Wow. MIPIM UK got off to a feisty start on Wednesday, didn’t it? And not because of a controversial statement by one of the speakers… simply because a controversial character was there!

That speaker was, of course, London mayor, Boris Johnson, whose mere presence prompted hundreds of campaigners to try and disrupt his opening address with their #BlockBoris protest.

Disrupt it they did. Indeed, I’m told by one of our reporters that at 11.30am, delegates were barricaded in for three hours (in very much the wrong sort of lock-in) and that protestors tried to storm the entrance. Apparently, campaigners also built a mud hut and were heard loudly banging on the walls for much of the day.

Delegates were told they could get out of the building from the rear, but I am guessing not many did. After all, when do you get this sort of excitement at any conference, let alone a property conference? (No, gate-crashing someone’s exclusive yacht party in Cannes does not count).

On a serious note, the campaigners have a point. London is a frighteningly expensive place to live (which is why I no longer live there/here - delete accordingly - a one-bed garden flat sans parking in zone three no match for a four-bed detached with parking in Margate).

However, as with so many protests, the voices of the well-meaning were drowned out by the usual suspects hijacking the protest to suit their own ends. Unite was there talking about the National Health Service, for instance.

And even among the affordable housing brigade, all was not quite what it seemed. Our reporter talked to a posh young woman who made some salient points about affordability in London, only to reveal she lives on inherited wealth and actually owns a number of properties in the city that she rents out. A bit rich on multiple levels, methinks.

Another point worth making is that affordable housing and how to solve the London housing crisis was the theme of many of the talks. Johnson himself responded to the claim by protestors that the London housing market is overrun by overseas investors with the statistic that only 3% of homes in the capital are actually owned by overseas investors. Admittedly, it is double that by value, but even so, hardly overrun.

Dubbing them the “xenophobic people on the left outside”, he did not shy away from commenting on the protest, conceding: “We do have to deal with the fact that London’s success, which we must celebrate, has led to the cost of the basic human need for housing growing out of reach of many people.”

However, it was “a bad answer” to simply lay the blame at the door of international investors, he argued. The solution was to continue to build more homes. “We’ve built more homes in London this year than [in any year] since 1980,” he claimed. “There have been more starts on site than since the 1930s, before the green belt even existed and people could build anywhere.”

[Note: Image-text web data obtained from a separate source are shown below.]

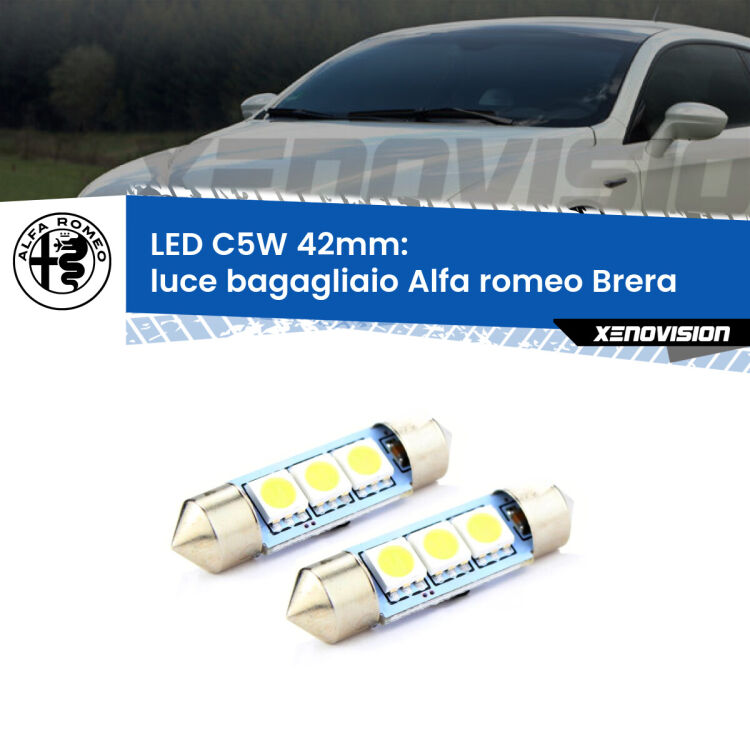 <strong>Luce Bagagliaio LED per Alfa romeo Brera</strong>  2006 - 2010. Coppia lampade <strong>C5W</strong> 42mm estremamente longeve.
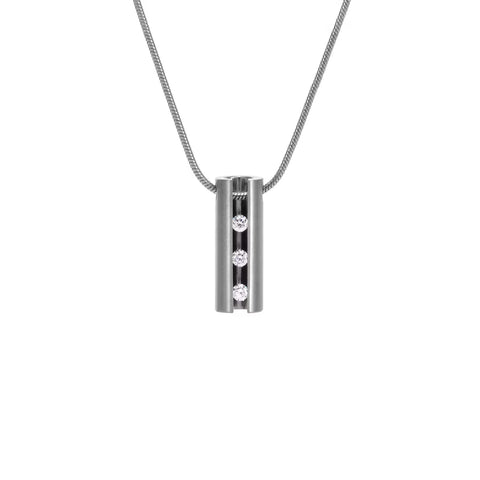 PT333W B.Tiff Hollowed Short Stick Stainless Steel Pendant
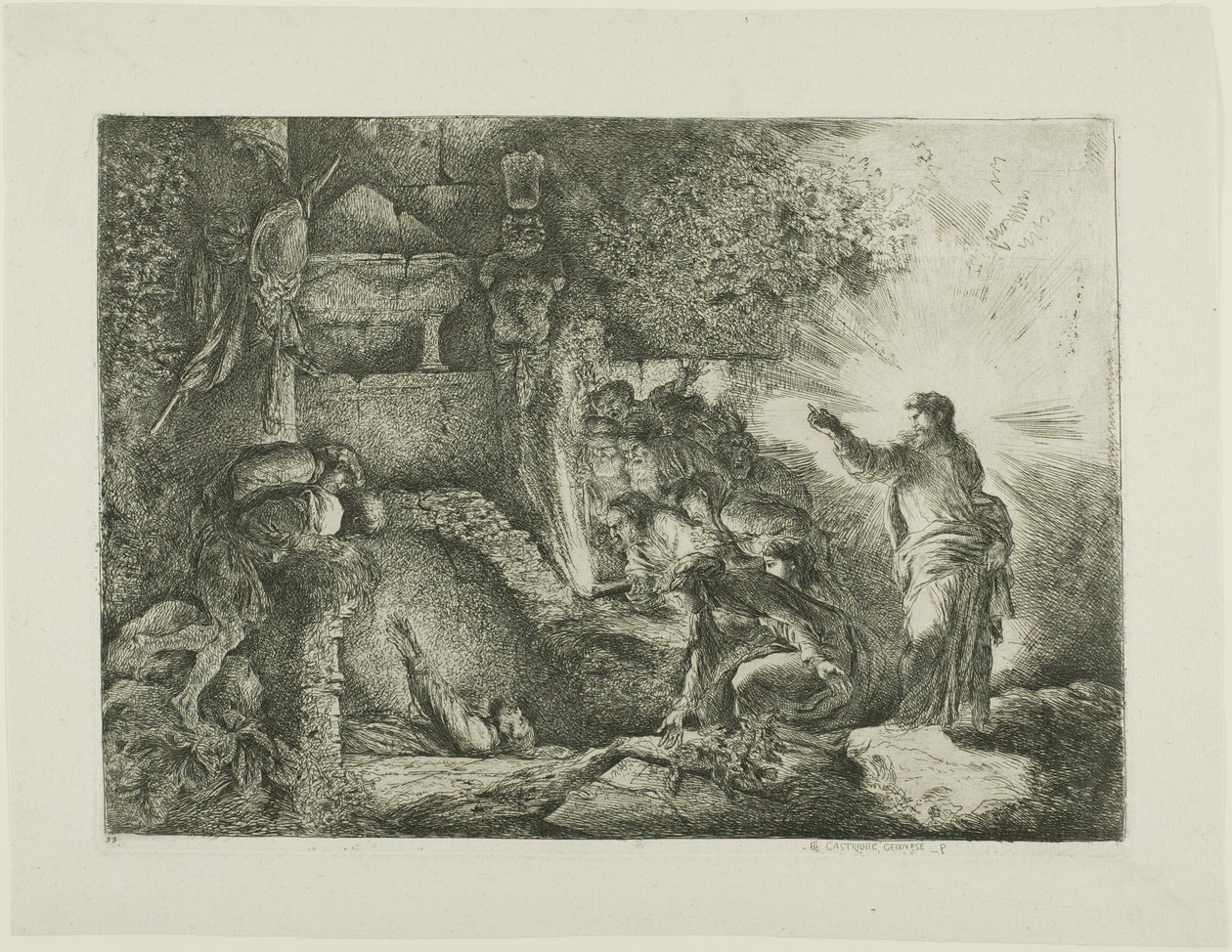 La résurrection de Lazare - Giovanni Benedetto Castiglione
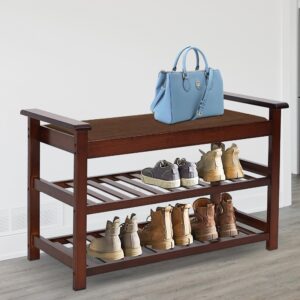 livebest 3-tier bamboo shoe rack, shoe rack bench,small shoe rack for entryway bathroom living room bedroom 19-inch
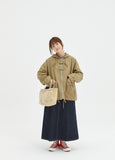 [BAONHAUS] Kuninged ribbon pocket cotton hood jacket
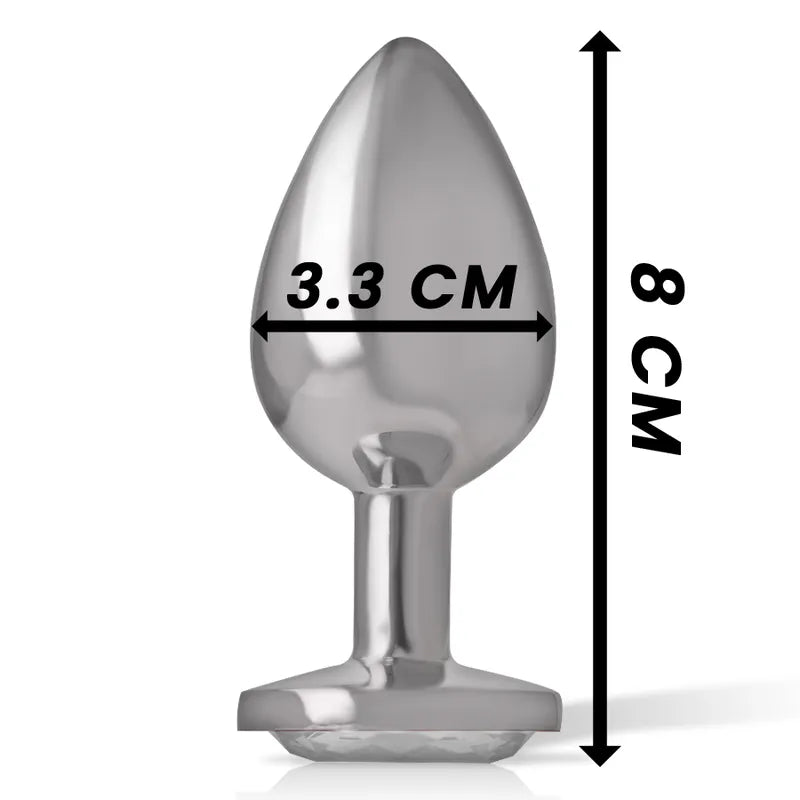 Plug anal métal cœur blanc Intense™ taille moyenne jouet sextoy sécurité design glamour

Whether enough housing is being built is another matter altogether and as everyone is acutely aware, we are way off target. There is also a certain irony, of course, in protesters outside demanding more affordable homes as councils inside were looking for investors to fund more of just that in their regions.

Not quite singing from the same hymn sheet perhaps, but hardly the diametrically opposed stances of the morally righteous versus morally redundant the protestors would have the public believe.